2 out of 5 stars Depressing and repetitive. Move on to his other works   May 31, 2006
 28 out of 29 found this review helpful

I had high hopes for this book since I thoroughly enjoyed and laughed out loud while reading Bryson's 'In a Sunburned Country'. I was more than a little disappointed after finished `Lost Continent' I came away feeling more than a little disappointed.
Before I bought this book I was puzzled at the contrasting reviews here and I initially took the most of the negative reviews with a grain of salt. I figured these were written by people who mostly just took offense way too easily and were unable to laugh at themselves as Americans. I have to say though, after reading the book I find myself agreeing with some of the negative reviews of this book.

First off, as an American that has lived overseas for 3 years now, I feel I'm more than capable of looking at America with an objective eye. I'm completely aware of America's many shortcomings - ie. the propensity for urban sprawl, the seemingly declining interest in it's rich history, the ever growing dependence on technology and increasing laziness that invariably comes with it etc. etc.

Having said that, I still regard this book primarily as just one endless, tiring, repetitive rant by an unhappy man. One would be hard pressed to find more than a couple instances where Bryson spent more than three of four sentences at a time describing anything he found ENJOYABLE. As one reviewer pointed out, Bryson comes across as being exactly like the kind of people he constantly complains about in this book...rude, ignorant, and, just like Bryson himself, overweight (apparently he hasn't stepped in front of a mirror lately). One has to wonder why someone would put out a book that is so consistently sour in tone. If I had just finished such a thoroughly unsatisfying and unhappy trek as this, I would be hard pressed to come up with a good reason (other than a quick buck perhaps) to actually write a book about it. Let me get one thing straight, if this were a book about Canada or anywhere else outside the U.S. I would feel the same way. Yes, there are a few funny passages in his book, but his air of superiority along with the overuse of metaphors pretty much dampen it at times. As demonstrated in `In a Sunburned Country', his strength lies in sharing facts and history of the places he finds himself in, and the humor is always much more engaging when it isn't over the top and written as if he's trying to impress himself.

There was a span of about 12 years between the writing of `Lost Continent' and `In a Sunburned Country', and it shows. This is a younger Bryson, a man who seems to have a problem with every little detail, and it becomes increasingly tedious and irritating as the book goes on. He rarely displays anything other than contempt for the places he finds himself in.

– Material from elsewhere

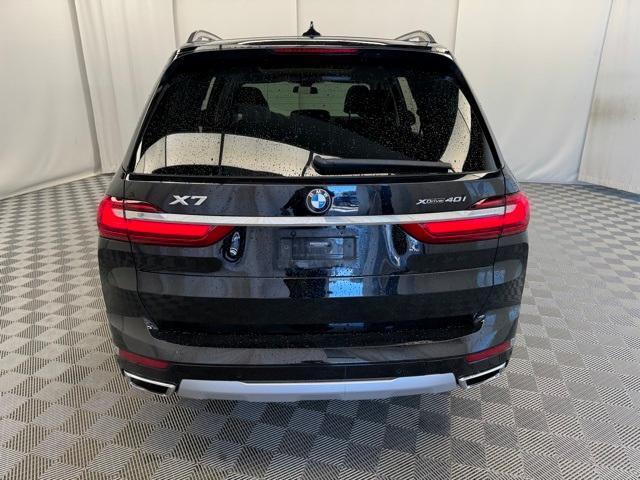 used 2021 BMW X7 car, priced at $45,863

A couple of other reviewers also made valid points when they found it curious that (with the exception of his Iowa drug buddy) he never manages to engage anyone in anything resembling a meaningful conversation to actually get a handle on their mindset (as he did in "In A Sunburned Country' for instance). His interactions with locals are mostly limited to ordering food at local restaurants and asking for directions. He seems perfectly content coming to conclusions about entire groups of people based on no real substance and communication whatsoever.

In this book, sadly, he comes across as nothing more than a sarcastic, anti-social loner with a bone to pick with just about everyone and everything. Any remotely kind words he has about anything (and they are few and far between) are all but smothered by the sour tone of the book as a whole. I SO wish I could recommend this book for others to read, but I'd be lying if I said it's time well spent.



1 out of 5 stars A bizarre mixture of nostalgia and bitterness   April 10, 2001
 21 out of 28 found this review helpful

As with most of Bryson's books, he reveals too much of his own personality, which is pretty distasteful. This rather privileged baby boomer son of the American upper-middle class (he admits that his father was a well-paid sportswriter) roams across the country, finding fault with virtually everything he sees and experiences. It's amazing and disheartening how many of his observations are just exercises in bashing the white American working class and lower-middle class, those "tacky" people who actually shop at K-Mart. While in those sections that describe his travels in the Southern states he takes great pains to express his sympathy for oppressed blacks, he has no compunctions in writing about lower-class whites in language that would be considered incredibly racist if his victims were members of racial or ethnic minority groups.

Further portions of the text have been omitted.